I talked to my son last night, and he told me that he did not like the micro-connections and they did not feel real or enough for him. The micro-connections really did help me, but it is not moving enough along for my kids. I realize that I need to exercise patience with myself, but I feel like my children are a different type of relationship and that I have a responsibility to move faster or be more consistent with them.
I have to realize that my son’s response was not a rejection of me, rather it was information. Painful information, perhaps, but also information of value. He trusted me enough to tell me the truth and how it feels to him. This is an important marker for our relationship, even if progress seems stalled.

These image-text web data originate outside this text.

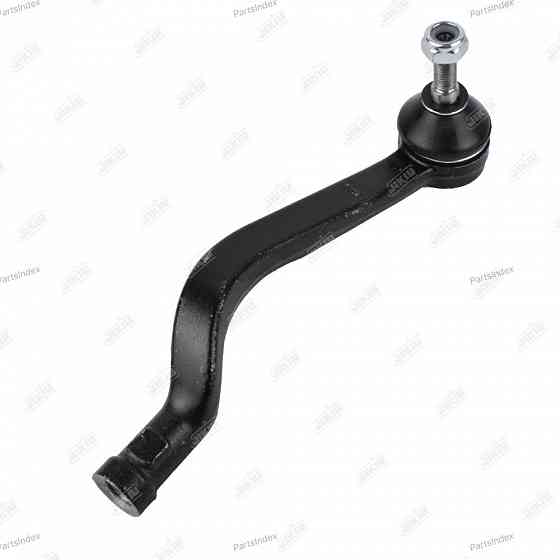 Наконечник рулевой тяги Jikiu ET22025R Тбилиси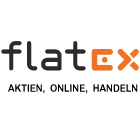 flatex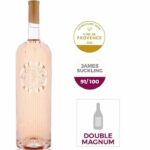 Comprar Ultimate provence côtes de provence - vino rosado de provenza - 3l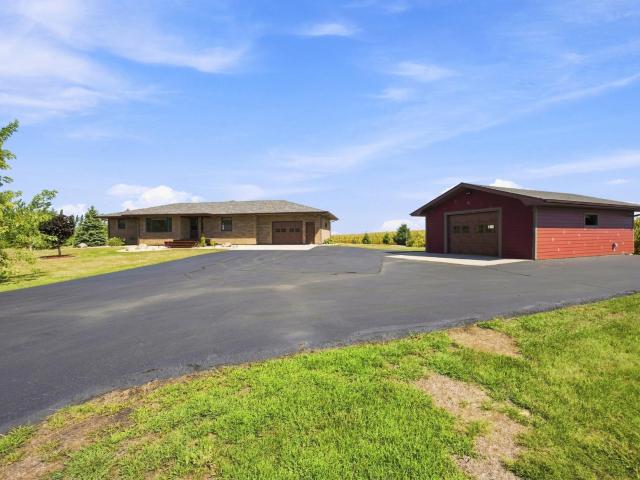 House for sale in Sabin, Minnesota
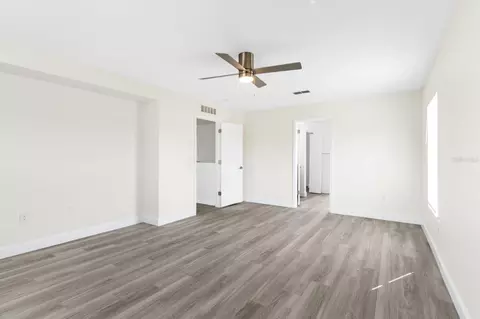 Other - 5424 Hammock View Ln, Apollo Beach, FL 33572 photo 5 of 6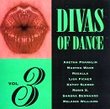 Divas of Dance 3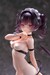 Estatua Original Character 1-4 Shino Illustrated by Riko 40 cm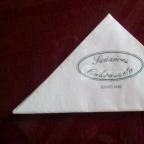 Százéves Cukrászda Gyula - Egyéb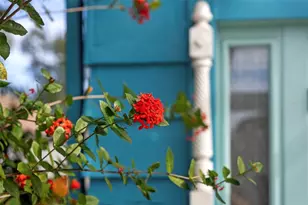 105 Tucker Ave, Sarasota, FL 34232 - Photo 4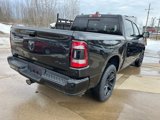 Certified 2020 RAM 1500 Big Horn image 5
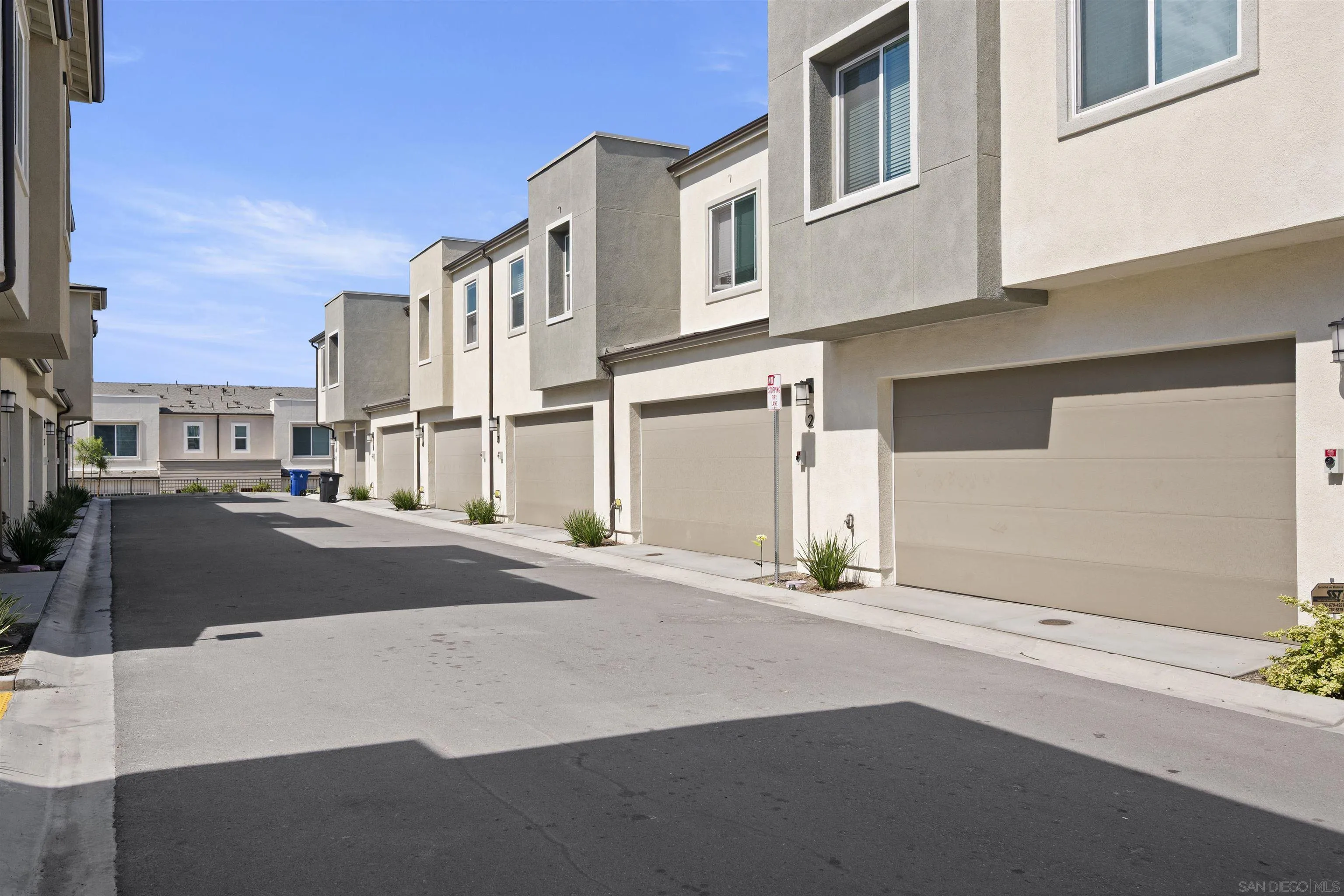 Photo #27: 250042225 Listing: Photo #27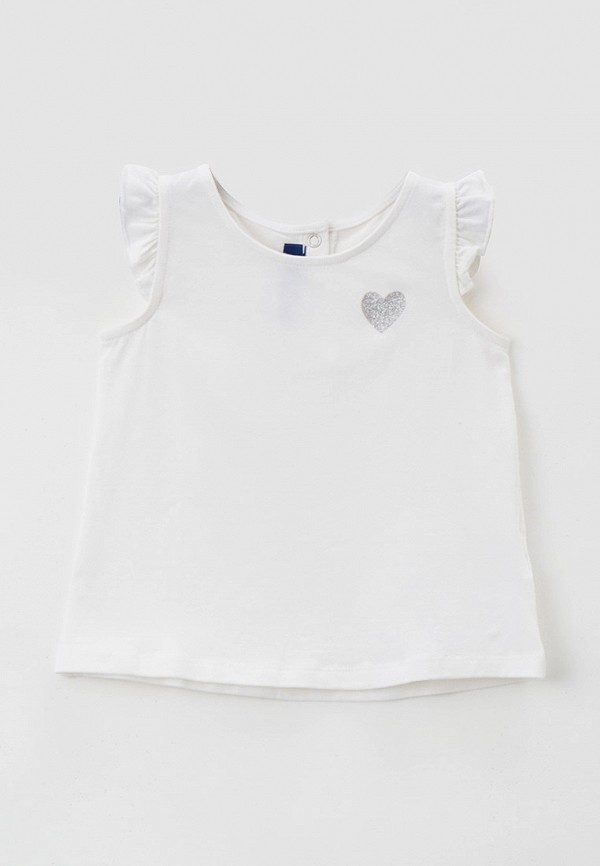 Chicco Майка - фото 1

In reflecting, I understand that two things can be true at the same time. Micro-connections have helped me, and that matters and is real. They were a first step for my nervous system and a part of the process towards healing. And my son is not wrong in that it did not feel enough. This doesn’t make the micro-connections fake, but it does mean there is a developmental mismatch for the relationship that he needs right now. Children, especially children who have felt distance, inconsistency, or emotional abuse, don’t experience repair the same way that adults do. Adults can feel safety from intention and effort, but kids feel safety from patterns and predictability over time. So, if micro-connections are signals, then my son wants proof.
As mentioned, the relationship one has with their children is of a different type. With other people, we move at a negotiated pace. With my kids, I am the anchor. I don’t think it would be advantageous to panic and rush, but it does mean that consistency matters more than intensity. In this way, a single deep talk doesn’t outweigh ten small disappearances. Contra, ten predictable moments begins to outweigh years of absence.
I think the most important thing for me to do right now is to not defend the micro-connections, even though they matter deeply to me. So, instead of micro-connections, I need to think in terms of macro-consistency. The goal is not to suddenly become emotionally fluent or hyper-present, but to become a person he can count on. Someone he can trust.
I also want to reflect on me saying, “I need to move faster with my kids,” as this is not wisdom, rather it is fear mixed with love. Fear is rushed and love is consistent. My responsibility is not to compress years of repair into present moments, but to not disappear emotionally OR behaviorally. I need to hold the need for self-patience, but also not let myself off the hook. Patience, in this instance, is not collapsing into shame or panic, and accountability means that I do not minimize what my son needs. In essence, I do not need to be perfect, but I do need to show up.
Finally, on the point of rejection, my son did not say “Don’t try.” He said that “this isn’t what helps him feel connected.” This is not rejection. This is an invitation to learn and understand the care he needs.